In: Finance
5. You are considering
investing in Walters Wares, Inc. You have been able to locate the
following information on the firm: total assets = $24 million,
accounts receivable = $6 million, ACP = 20 days, net income = $2.86
million, and debt-to-equity ratio = 2.5 times. What is the ROE for
the firm?
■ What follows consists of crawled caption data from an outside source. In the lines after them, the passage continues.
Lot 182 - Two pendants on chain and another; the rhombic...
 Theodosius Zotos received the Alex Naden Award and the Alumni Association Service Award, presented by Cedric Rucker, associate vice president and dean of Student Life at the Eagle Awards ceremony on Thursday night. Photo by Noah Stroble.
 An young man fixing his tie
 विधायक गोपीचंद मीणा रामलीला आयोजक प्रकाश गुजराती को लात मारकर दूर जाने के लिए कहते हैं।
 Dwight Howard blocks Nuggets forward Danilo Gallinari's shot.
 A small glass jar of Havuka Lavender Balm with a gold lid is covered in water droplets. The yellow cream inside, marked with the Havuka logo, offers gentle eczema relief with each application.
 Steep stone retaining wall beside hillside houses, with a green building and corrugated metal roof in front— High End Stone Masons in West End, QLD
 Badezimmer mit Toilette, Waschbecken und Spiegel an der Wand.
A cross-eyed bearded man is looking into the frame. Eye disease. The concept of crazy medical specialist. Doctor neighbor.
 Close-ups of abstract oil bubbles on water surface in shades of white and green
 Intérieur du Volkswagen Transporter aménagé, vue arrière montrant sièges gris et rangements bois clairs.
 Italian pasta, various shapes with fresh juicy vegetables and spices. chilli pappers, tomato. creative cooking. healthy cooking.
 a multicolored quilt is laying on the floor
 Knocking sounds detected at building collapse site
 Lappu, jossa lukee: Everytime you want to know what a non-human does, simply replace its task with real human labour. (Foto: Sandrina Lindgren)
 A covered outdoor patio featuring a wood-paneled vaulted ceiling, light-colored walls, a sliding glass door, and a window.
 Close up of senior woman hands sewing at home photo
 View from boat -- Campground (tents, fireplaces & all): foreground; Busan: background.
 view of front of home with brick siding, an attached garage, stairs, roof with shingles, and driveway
A. 32.5%
B. 38.8%
C. 41.7%
D. 44.5%
E. 48.6%
6. A corporation has a total asset turnover of 1.87 times, ROA of
14.8% and ROE of 18.5%. What is this firm's profit margin?
A. 9.9%
B. 9.2%
C. 8.5%
D. 7.9%
E. 6.9%
7. A corporation has a total asset turnover of 1.87 times, ROA of 14.8% and ROE of 18.5%. What is this firm's debt ratio? [Hint: equity multiplier = 1 / (1 – debt ratio)]
A. 18.5%
B. 20.0%
C. 21.2%
D. 21.9%
E. 28.1%
8. Which of the
following statements is (are) correct?
(x) The maximum growth rate that can be achieved financing asset
growth with new debt and retained
earnings is called the sustainable growth rate
(y) The maximum growth rate that can be achieved by financing asset
growth with internal financing or
retained earnings is called the internal growth rate
(z) The internal growth rate is the growth rate that the firm can
sustain if it finances growth using only internal
financing. The sustainable growth rate is the growth rate the firm
can sustain using both debt and internal
financing such that the debt ratio remains constant.
A. (x), (y) and (z)
B. (x) and (y) only
C. (x) and (z) only
D. (y) and (z) only
E. (y) only
Answer to Question 5:
Total Assets = $24 million
Debt-to-Equity Ratio = 2.50 times
Total Equity = Weight of Equity * Total Assets
Total Equity = (1.00 / 3.50) * $24 million
Total Equity = $6.86 million
ROE = Net Income / Total Equity
ROE = $2.86 million / $6.86 million
ROE = 0.417 or 41.7%
Answer to Question 6:
ROA = Profit Margin * Total Asset Turnover
14.80% = Profit Margin * 1.87
Profit Margin = 7.9%
Answer to Question 7:
ROE = ROE * Equity Multiplier
18.5% = 14.8% * Equity Multiplier
Equity Multiplier = 1.25
Equity Multiplier = 1 / (1 - Debt Ratio)
1.25 = 1 / (1 - Debt Ratio)
1 - Debt Ratio = 0.8
Debt Ratio = 0.2 or 20.0%
Answer to Question 8:
Internal growth rate is the maximum growth rate a firm can
achieve without any external financing.
Sustainable growth rate is the maximum growth rate a firm can
sustain without additional debt or equity financing.
So, based on above, only statement (y) is correct.